How much longer might British headlines exclaim, 'God save the Queen'?

The Telegraph, a United Kingdom center-right broadsheet, recently ran this headline: "Britain is no longer a Christian country and should stop acting as if it is, says judge."

It topped a story about the findings of a two-year study on the place of religion in official British life in today's multicultural milieu. The judge referred to is an ex-judge, who's also a baroness, who chaired the study conducted by the Commission on Religion and Belief in British Public Life, a non-government body.

Good piece of work, I thought the first time I read the head (an abbreviation cherished by newspaper copy editors in a universe fading, alas, into the far, far past). Then I read the story. And I concluded that, as with so many headlines that try to compress a complicated story line into a few words, it actually mislead.

Journalism truism: Headline writing is much more difficult than it looks.

OK, enough with the Journalism 101 stuff. Let's get to the meat of the story.
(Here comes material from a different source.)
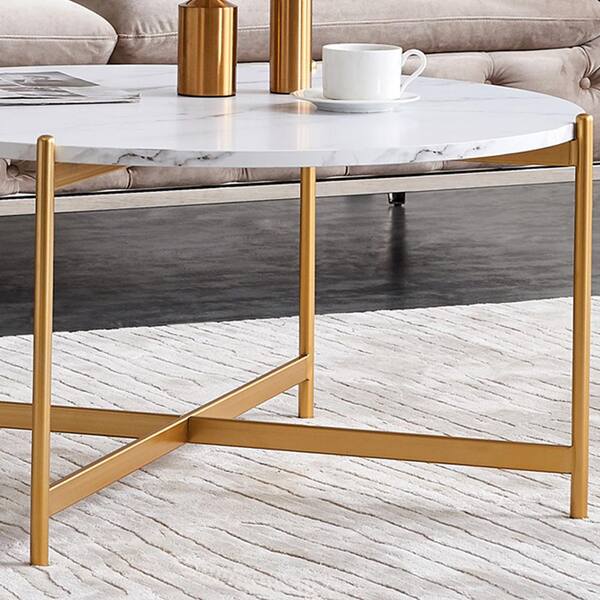 Homefun 36 In White Modern Marble, Modern Coffee Table White And Gold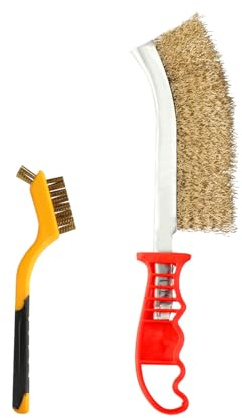 2 PcsWire Brushes for Cleaning, Wire Brush for Rust Removal Tool, Hand Brass Wire Brush Set for Cleaning Rust Welding Slag Paint Wood Brick(1 Large, 1 Small)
Yes, British churches have witnessed a steep decline in attendance. Nearly 60 percent of the British population still calls itself Christian, but only 25 percent say they are religious, according to a 2011 national census report.

Church of England attendance decline has been particularly steep. Sunday attendance was reported in 2012 to be about half of what it was 45 years earlier.

But where the aforementioned headline failed is in its conflating traditional Christian belief and practice with the more nebulous, and harder to measure -- but still critically important -- touchstone of cultural Christianity. Cultural Christianity may fall short in the minds of church officials and traditional believers, but it's still the ground of self-identity for the majority of Brits.